De plus, les institutions financières de plus petite taille, comme les caisses de crédit, dont les actifs totalisent moins de 175 M$ seront exemptées de ces exigences.
Par contre, note James Carman, l’entente n’élimine pas les coûts de conformité découlant de la FATCA.
«Les institutions financières auront encore plus de travail de conformité à effectuer pour en satisfaire les exigences. Du personnel devra être formé, les procédures d’ouverture de compte devront être changées, les systèmes informatiques devront être mis à jour pour repérer et suivre les comptes susceptibles d’être rapportés.»
Sans retenue
Un autre changement important touche les sanctions sévères auxquelles les institutions financières et leurs détenteurs de comptes auraient pu faire face si elles ne se pliaient pas à la FATCA.
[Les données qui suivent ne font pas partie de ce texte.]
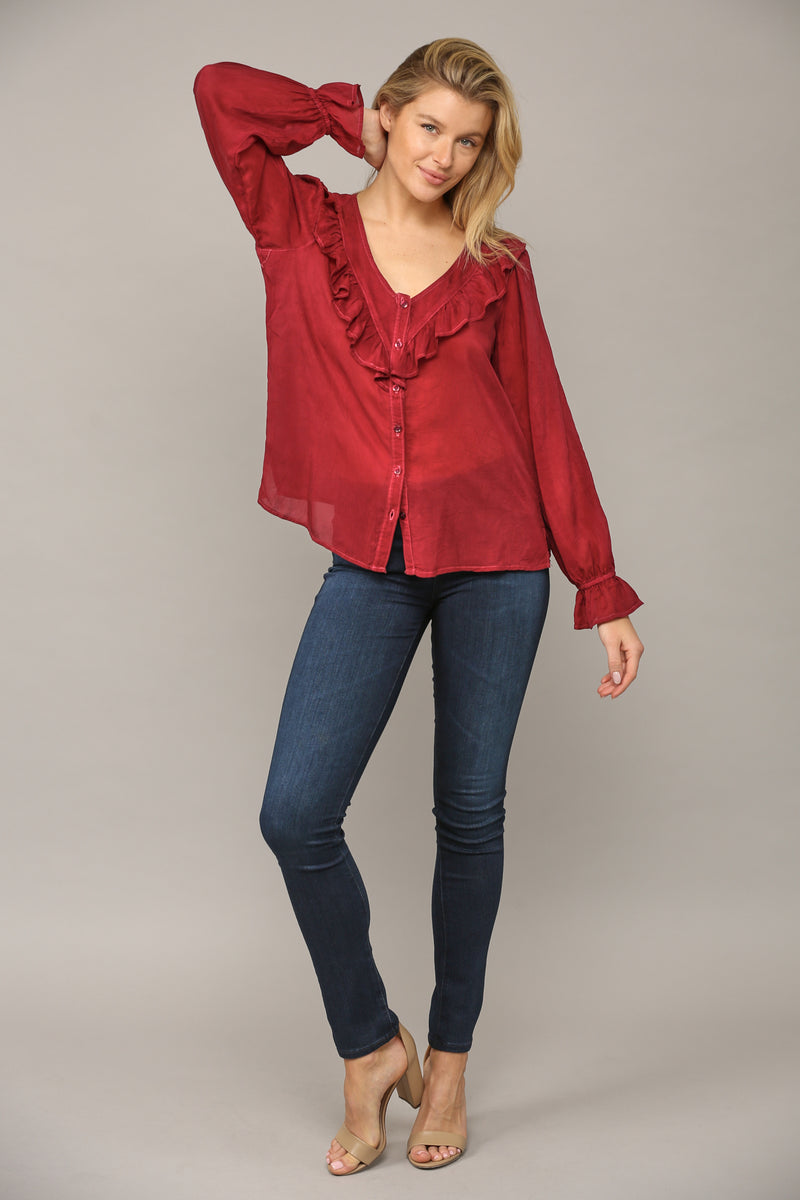 Ruffle Long Sleeve Top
Il s’agit de retenues d’impôt spéciales par les États-Unis sur les versements provenant de ce pays, comme un dividende.
Le fisc allait prélever une retenue de 30 % «sur l’ensemble des revenus de source américaine, tant d’une institution que d’une personne américaine ayant un compte dans la banque en question», explique Alain Orvoine, associé chez Deloitte, à Montréal.
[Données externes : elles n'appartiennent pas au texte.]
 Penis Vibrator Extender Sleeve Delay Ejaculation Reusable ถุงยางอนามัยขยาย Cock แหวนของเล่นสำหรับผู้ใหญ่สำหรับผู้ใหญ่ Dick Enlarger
La retenue d’impôt de 30 % prévue par la FATCA ne s’appliquera pas aux clients des institutions financières canadiennes. Celle-ci «ne pourra s’appliquer à une institution financière que si celle-ci ne respecte pas de manière importante et depuis une longue période ses obligations en vertu de l’accord», d’après le ministère des Finances.
Citoyen ou résident
Attention, souligne Shlomi Steve Levy, «ces exemptions ne libèrent pas les personnes américaines de leur obligation de faire leur déclaration d’impôt au fisc américain».
En effet, une personne américaine (tout individu né au États-Unis ou dont le statut l’oblige à faire une déclaration à l’IRS, par exemple le détenteur d’une carte verte) doit faire une déclaration de revenu au fisc américain, même si elle habite au Canada depuis 20 ans.
On évalue à plus d’un million les résidents du Canada considérés comme des contribuables américains aux yeux du fisc américain.
Cela tient à une disposition particulière des lois fiscales américaines, «basées sur la citoyenneté. Au Canada, elles sont basées sur la résidence», souligne Shlomi Steve Levy.
Révolution
La FATCA représente une petite révolution dans le monde financier où, jusqu’à la crise financière de 2007-08, le secret bancaire était chose presque sacrée. Au lendemain de la crise, le fisc américain, dans un différend qui l’opposait à la banque UBS, a eu raison du gouvernement suisse et du fameux secret bancaire de ce pays.
La FATCA s’inscrit dans la suite de cette confrontation. Le secret bancaire sera de plus en plus balisé, d’abord par la FATCA, mais aussi par plusieurs autres ententes entre les pays du G20 présentement dans le collimateur.
Par exemple, on s’est entendu pour faire de l’échange automatique de renseignements fiscaux la nouvelle norme mondiale selon un modèle international, échange qui devrait commencer d’ici la fin de 2015.